Okay okay, so I may sound like a hopeless realist, but trust me, I think that marriage is a wonderful thing. I’m a huge romantic. I mean big. When I was 16 years old, my boyfriend and I got fake married (we were the only ones there) standing in a city fountain in our bare feet. I always wanted the big love, the great story, and I got it. It’s just that there are so many moments after the ‘ending’ (which is really just the beginning) that I didn’t anticipate. And I don’t mean just the challenging ones; there have been amazing, bone-crushingly meaningful moments that I could never have imagined as well.
Marriage provokes the very essence of who we are and the way we relate to one another. It tests us, pushes us and demands selflessness at times. I am reminded of my own gifts and faults every single day, and as much as that can be hard at times, I know it is a part of my evolution as a person. I guess you could say my husband is good for my soul.
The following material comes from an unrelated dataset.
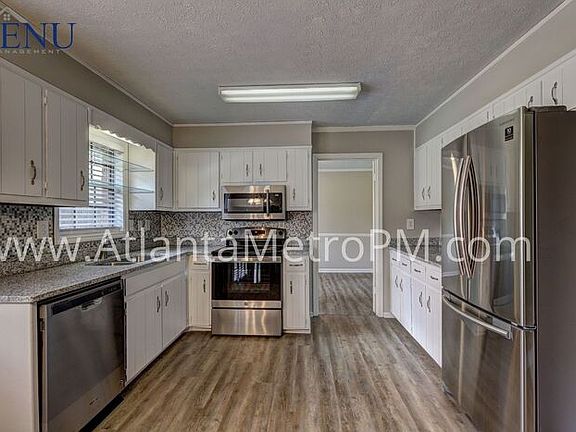 5th image of 521 Stanton Woods Dr SE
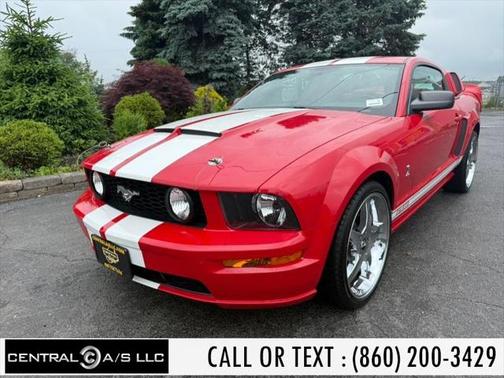 2005 Ford Mustang GT Premium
So I think of that contented elderly couple, quiet and peaceful, and I wonder just how many exercises of tolerance took place over those many decades together. And just as Facebook status updates, for the most part, shine a light on the happy and blissful moments of singledom, family life, travel and beyond, we don’t see the moments in between, the stuff in the cracks.
I don’t share on Facebook that my husband didn’t seem interested in my story today or that I was annoyed by his behaviour. People don’t see the inner workings of our relationship in a picture that shows us smiling, holding a margarita on the beach. There are these other laborious moments that deepen our relationship to the point where the smiles on the beach are genuine and meaningful.
Looking at this little old couple is no different. It’s much like seeing a pretty Instagram picture. It is one frame, captured by perfect lighting and setting and through the lens of my own idealistic expectation of what a happy ending looks like. There are a million moments between this shot and the day they said ‘I do’. I hate to use the word ‘work’ when talking about love, but I’m sure they didn’t make it fifty years together by co-existing idly and watching each other grow from afar. They did it together.
What gets us all the way there, I reckon (and something to remind ourselves of daily), will be the same thing that brought us to signing that binding contract in the first place: the feeling of not wanting to be with anyone else on the planet.